### Brief
Each entry below is to be restated word for word, with no pictures carried over.

Scraped caption text data
----

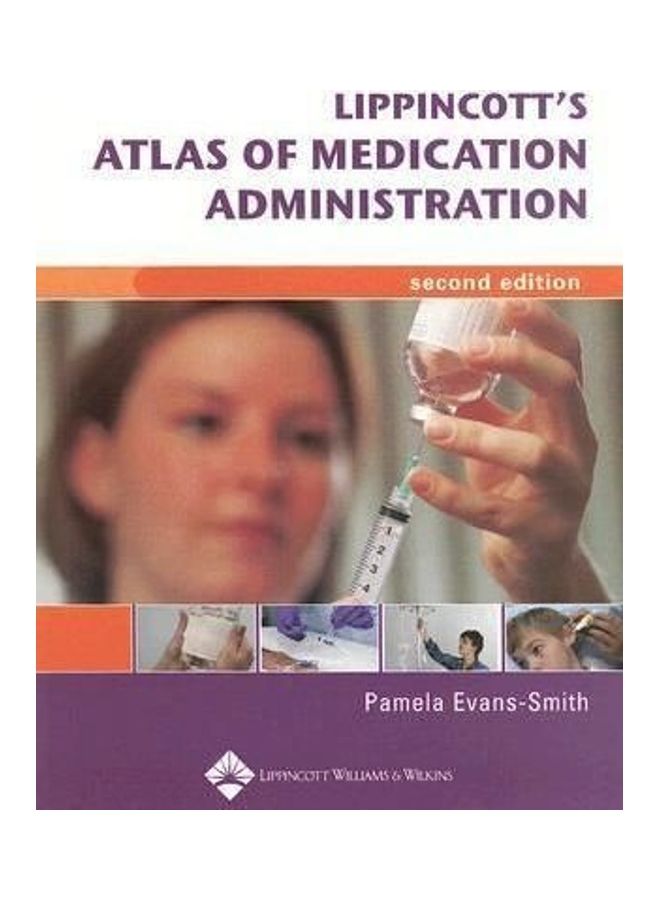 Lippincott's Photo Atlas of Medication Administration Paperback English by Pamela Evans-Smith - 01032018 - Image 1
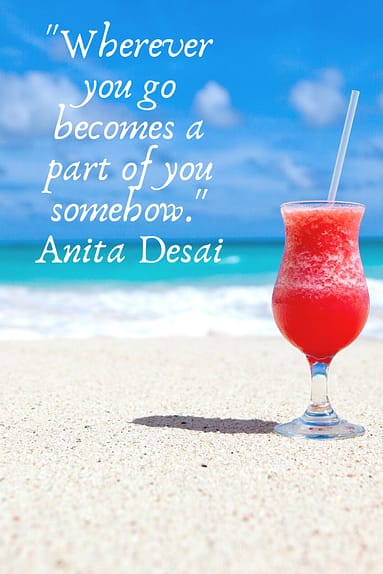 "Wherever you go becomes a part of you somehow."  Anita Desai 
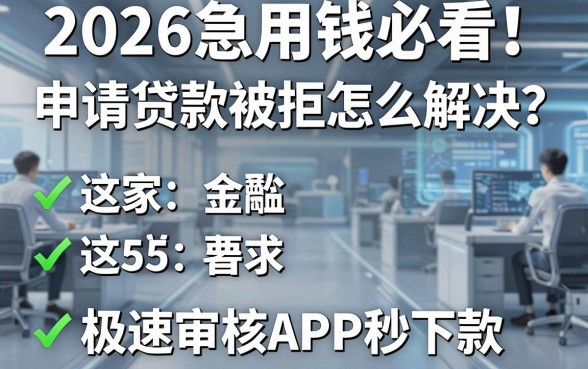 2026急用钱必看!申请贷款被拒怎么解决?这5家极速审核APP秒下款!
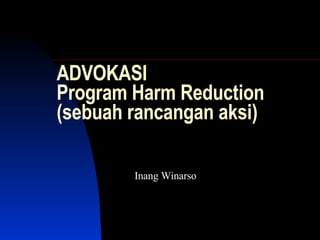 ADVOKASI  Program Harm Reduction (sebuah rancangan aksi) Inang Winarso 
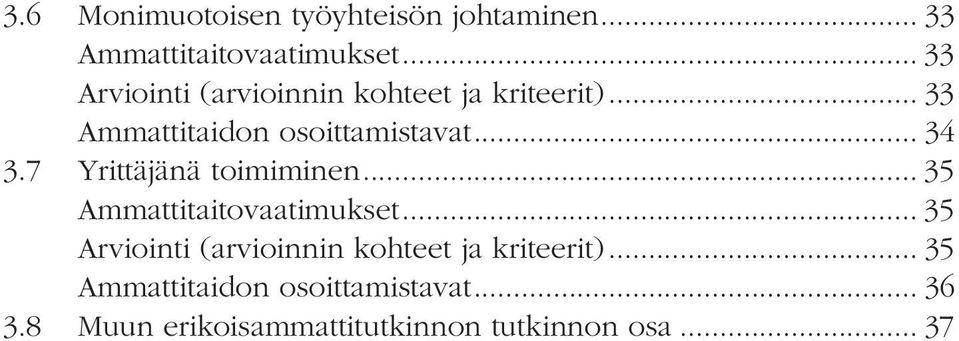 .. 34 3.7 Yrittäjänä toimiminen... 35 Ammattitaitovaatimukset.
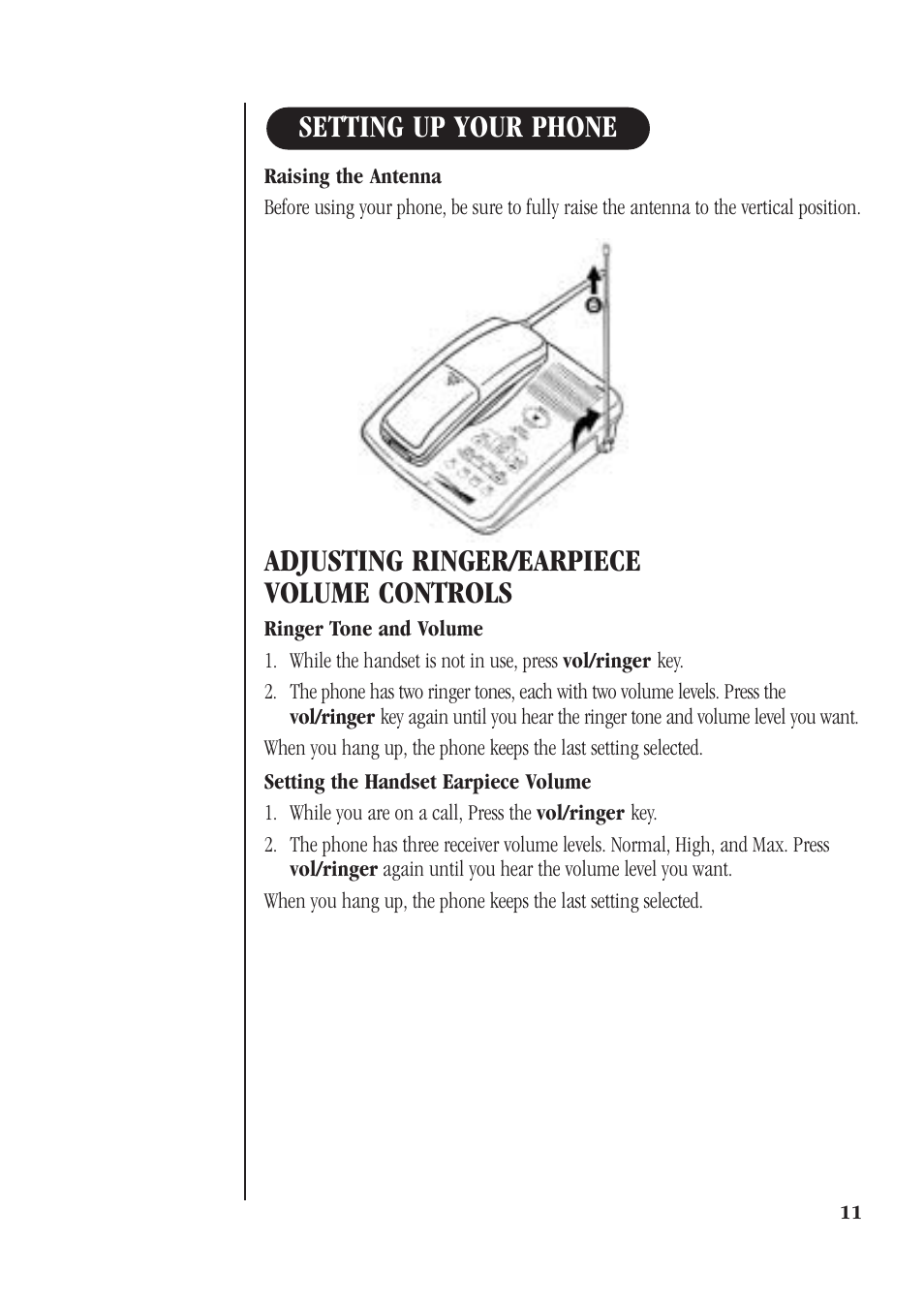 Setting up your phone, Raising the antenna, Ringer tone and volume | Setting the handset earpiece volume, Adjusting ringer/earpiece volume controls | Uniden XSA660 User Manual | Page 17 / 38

----

### Answer to the problem
 Lippincott's Photo Atlas of Medication Administration Paperback English by Pamela Evans-Smith - 01032018 - Image 1
 "Wherever you go becomes a part of you somehow."  Anita Desai 
 2026急用钱必看!申请贷款被拒怎么解决?这5家极速审核APP秒下款!
 ADVOKASI  Program Harm Reduction (sebuah rancangan aksi) Inang Winarso 
 .. 34 3.7 Yrittäjänä toimiminen... 35 Ammattitaitovaatimukset.
 Setting up your phone, Raising the antenna, Ringer tone and volume | Setting the handset earpiece volume, Adjusting ringer/earpiece volume controls | Uniden XSA660 User Manual | Page 17 / 38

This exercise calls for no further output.